When the Justice Department announced the review Monday evening, it also asked a federal judge for more time to revisit an agreement with Baltimore City, which is started negotiating with the feds after the death of Freddie Gray.
Bains worked on the Civil Rights Division’s investigation of the Ferguson police department after the death of Michael Brown. He said if the Justice Department didn’t want to go as far as asking federal judges to lift the consent decrees currently in place on 14 cities around the country, he could signal to them that he wouldn’t enforce those decrees as strictly as his predecessor would have.
“What happened last night shows the DOJ is beginning to step away from systemic police reform,” he said.
Consent decrees are powerful because city officials run the risk of being held in contempt of court if they violate them. To be held in contempt, the Justice Department would typically have to file a motion for contempt with the judge overseeing the decree. Bains said Sessions’s move could signal that the Justice Department may give police departments and city officials more leeway before taking that step—making their efforts to push for reform less exacting.

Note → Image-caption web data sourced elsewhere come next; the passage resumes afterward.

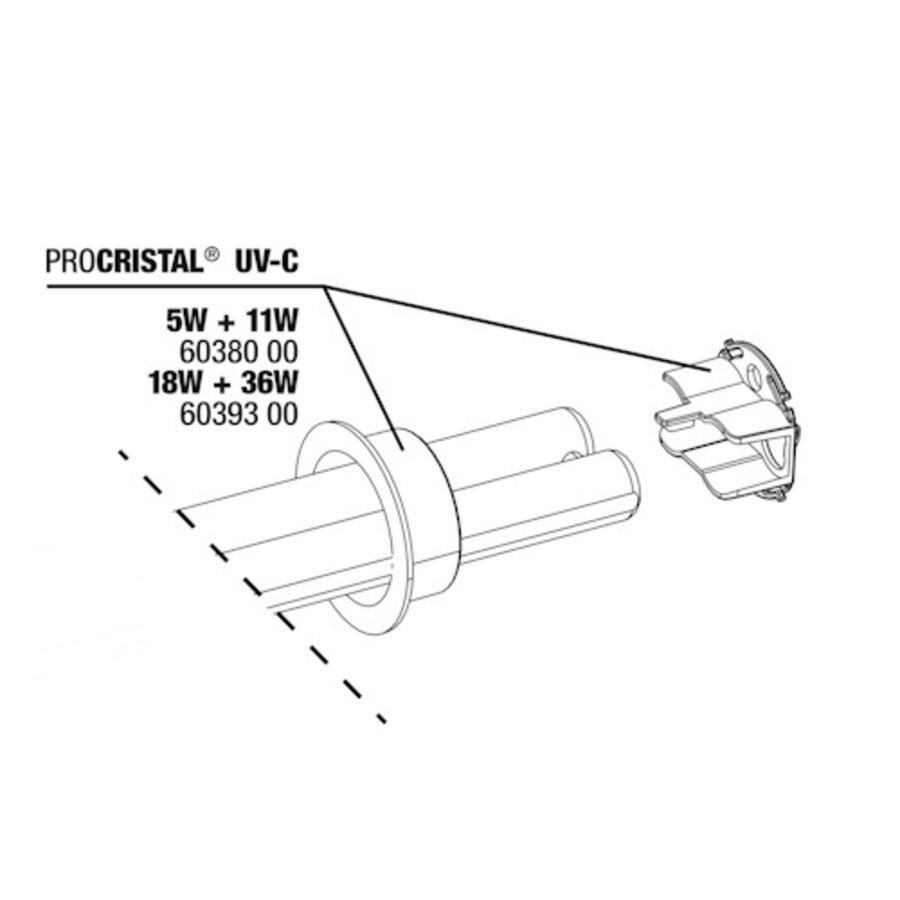 PC UV-C Branderbescherming Set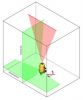 3 line Green beam lase...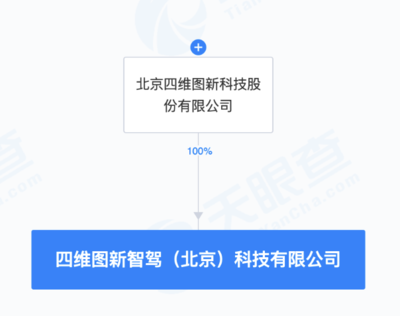 四維圖新戰略新篇 成立智駕科技公司，深耕智能駕駛軟硬件一體化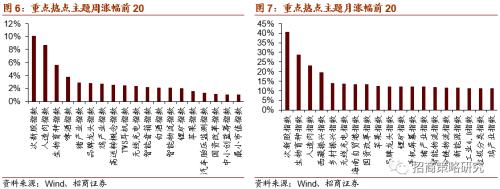 【招商策略】軟硬件加速發展,自動駕駛插上騰飛翅膀——科技前沿及新產業觀察周報(0825)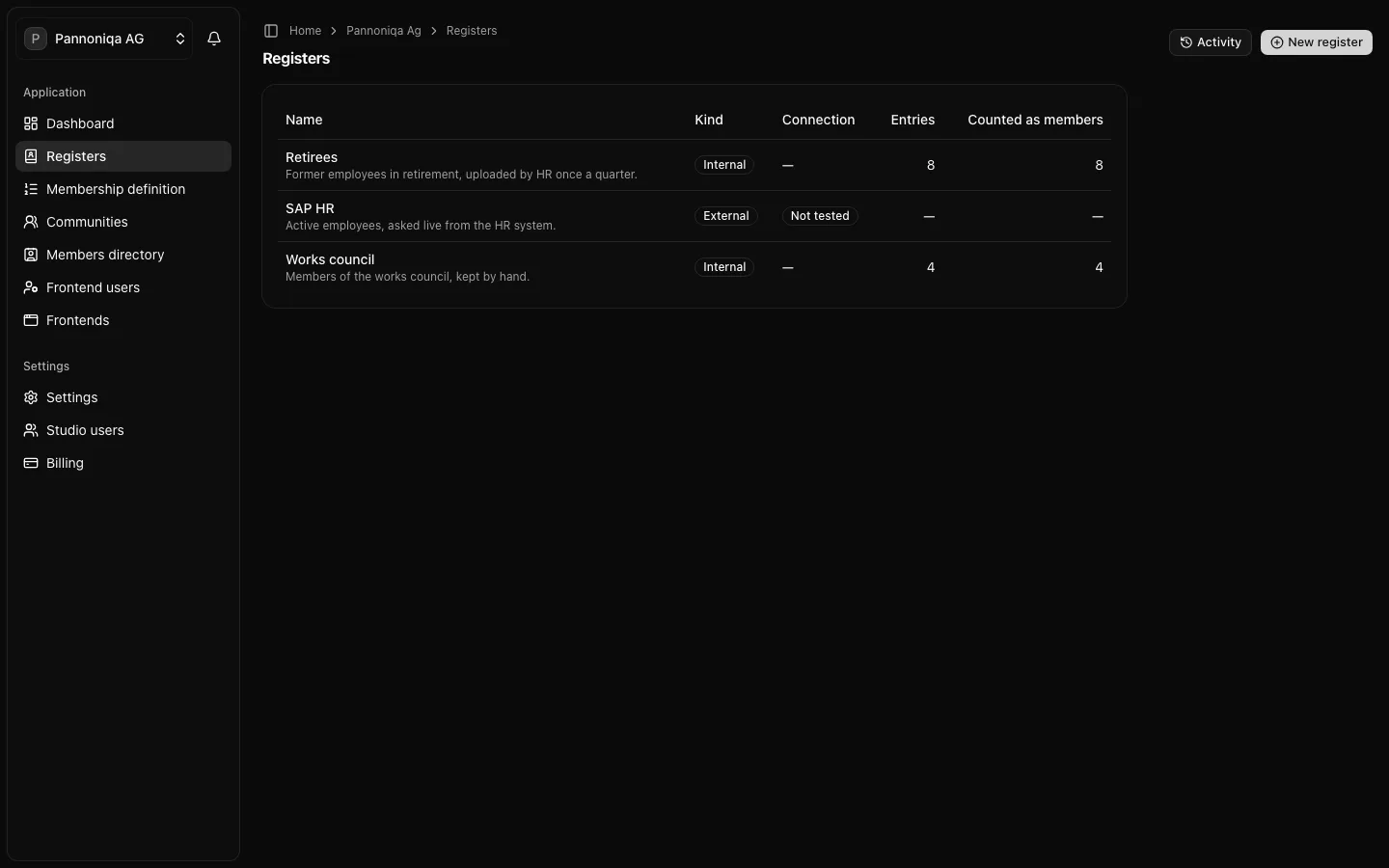 The Registers page of Pannoniqa AG with the registers Retirees, SAP HR and Works council, their kind, connection state, entries and the entries counted as members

What’s most likely is that the Justice Department will look to change the requirements of various consent decrees. Consent decrees typically come with built-in amending processes if one or both parties agree the court order needs to change. Consent decrees could be amended, for instance, to require less paperwork or less data collection on traffic stops. The fact that Sessions is subjecting all the consent decrees to review means changes along those lines are likely.
Many civil rights advocates argue that only court orders can put enough sustained pressure on police departments to create reform. Samuel Walker, professor emeritus of criminal justice at the University of Omaha, said cities that have gone through this process often see improvements.
“They’re not perfect,” he said. “There has been backsliding in some, particularly Pittsburgh. But most of them are better than they were beforehand, and that’s a major achievement.”
One of those cities is Newark, New Jersey. Sen. Cory Booker, formerly the city’s mayor, criticized Sessions’s move, citing Newark’s experience under a consent decree.
“I’m deeply concerned that Attorney General Sessions’ announcement for a Department of Justice review of federal civil rights agreements with law enforcement would undermine the principle of equal justice for all Americans,” he said in a statement. “I fear that this announcement paves the way for a retreat from accountability and oversight of allegations of systemic civil rights abuses.”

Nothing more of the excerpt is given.